A terrifying tsunami could kill hundreds of thousands of people in Iraq if the Mosul Dam suffered a "catastrophic" breach. The United States government warned there would be "severe loss of life, mass population displacement, and destruction of the majority of the infrastructure" if a wave "tens of feet high" was unleashed.
It has been under the control of Kurdish and Iraqi forces since August 2014 after US airstrikes helped seize the dam back off IS (Daesh), which assumed control earlier that month. It was feared the terror group would either cut off Mosul's supply to resources or destroy the structure to submerge residents.
"A catastrophic breach of Iraq's Mosul Dam would result in severe loss of life, mass population displacement, and destruction of the majority of the infrastructure within the path of the projected floodwave," a US government fact sheet said.

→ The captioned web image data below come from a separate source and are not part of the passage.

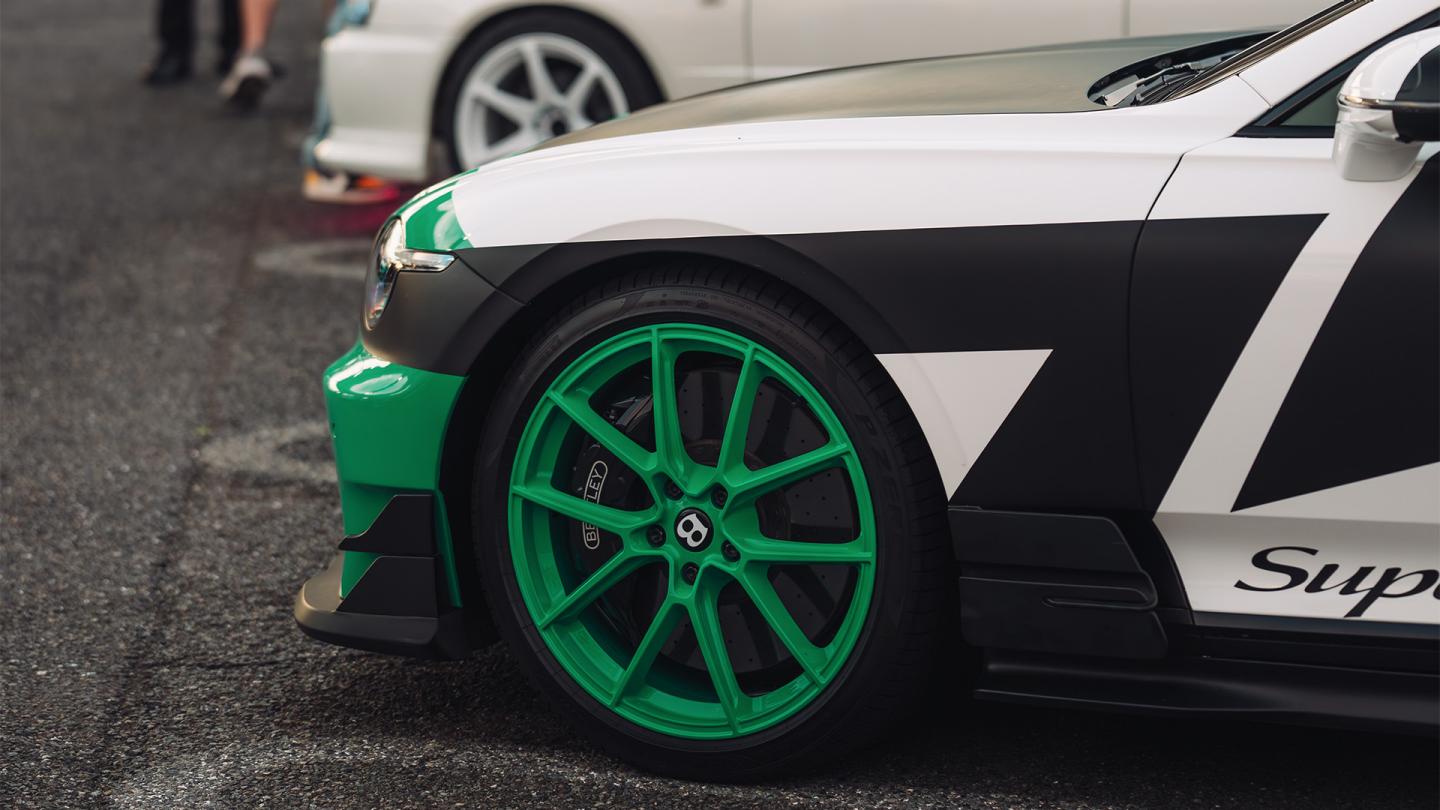 Close up of wheel on Bentley Supersports.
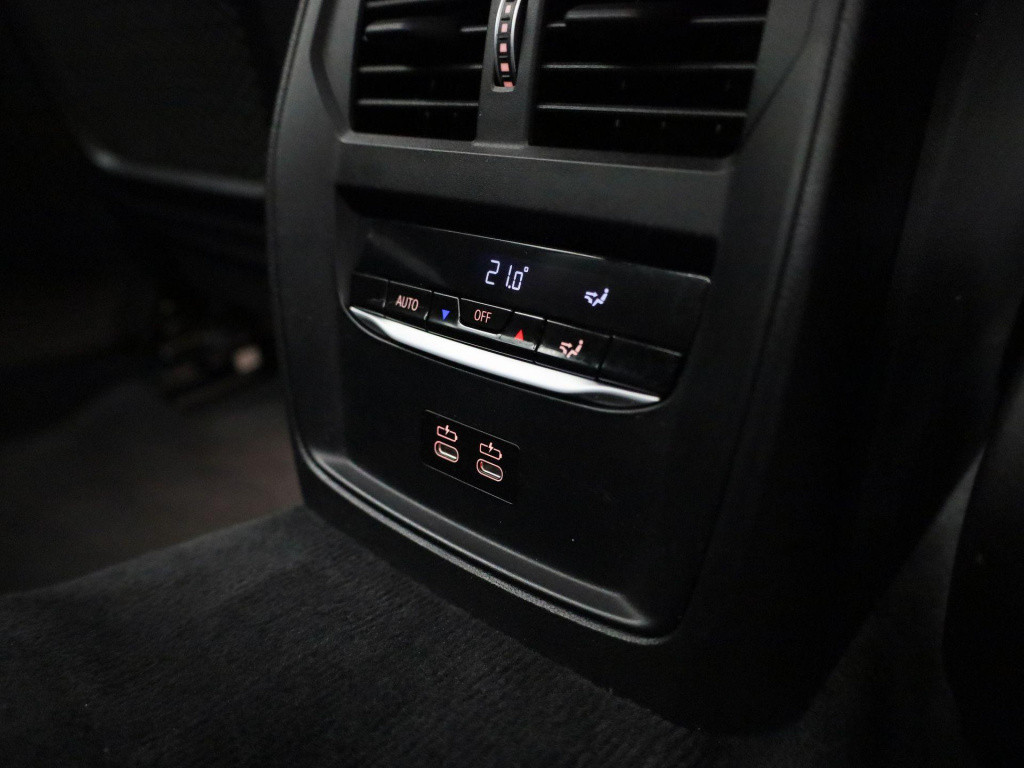 BMW 3-serie 318i business edition | automaat | lmv | half leder | virtual c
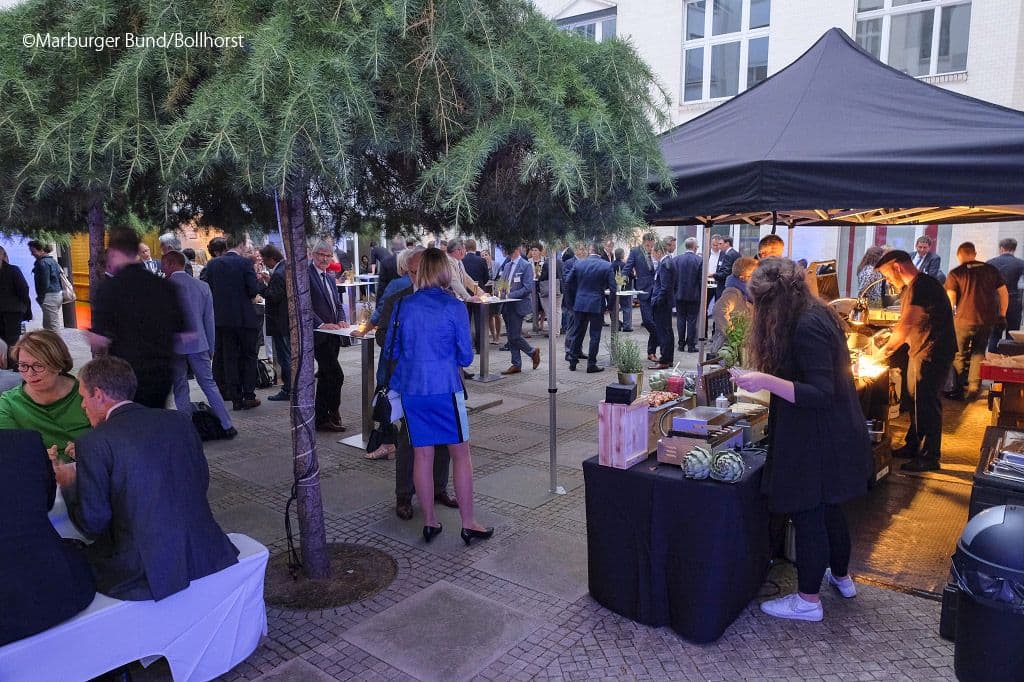 Heimelige Stimmung beim Sommerfest des Marburger Bundes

If the structure were to be destroyed, the wave would hurtle down the Tigris River toward Mosul before flooding major cities farther downstream, including the capital Baghdad. Iraqi Prime Minister Haider al-Abadi said there was no imminent threat to the dam but stressed people living near the Tigris River move to higher ground, at least 3.7m away from the river.
According to the United States, approximately 500,000 to 1.47 million people live along the Tigris in areas at highest risk and would probably not survive the impact of the projected flood wave unless they evacuated. "Proper preparation could save many lives," the embassy said.
The 3.2km-long dam – which was previously known as Saddam Dam – holds back as much as 12.5m cubic meters of water and is the largest in Iraq. Opened in 1984, it measures 113m tall and provides electricity to the 1.7 million residents of Mosul.
It will shortly undergo redevelopment funded by the World Bank with maintenance already under way.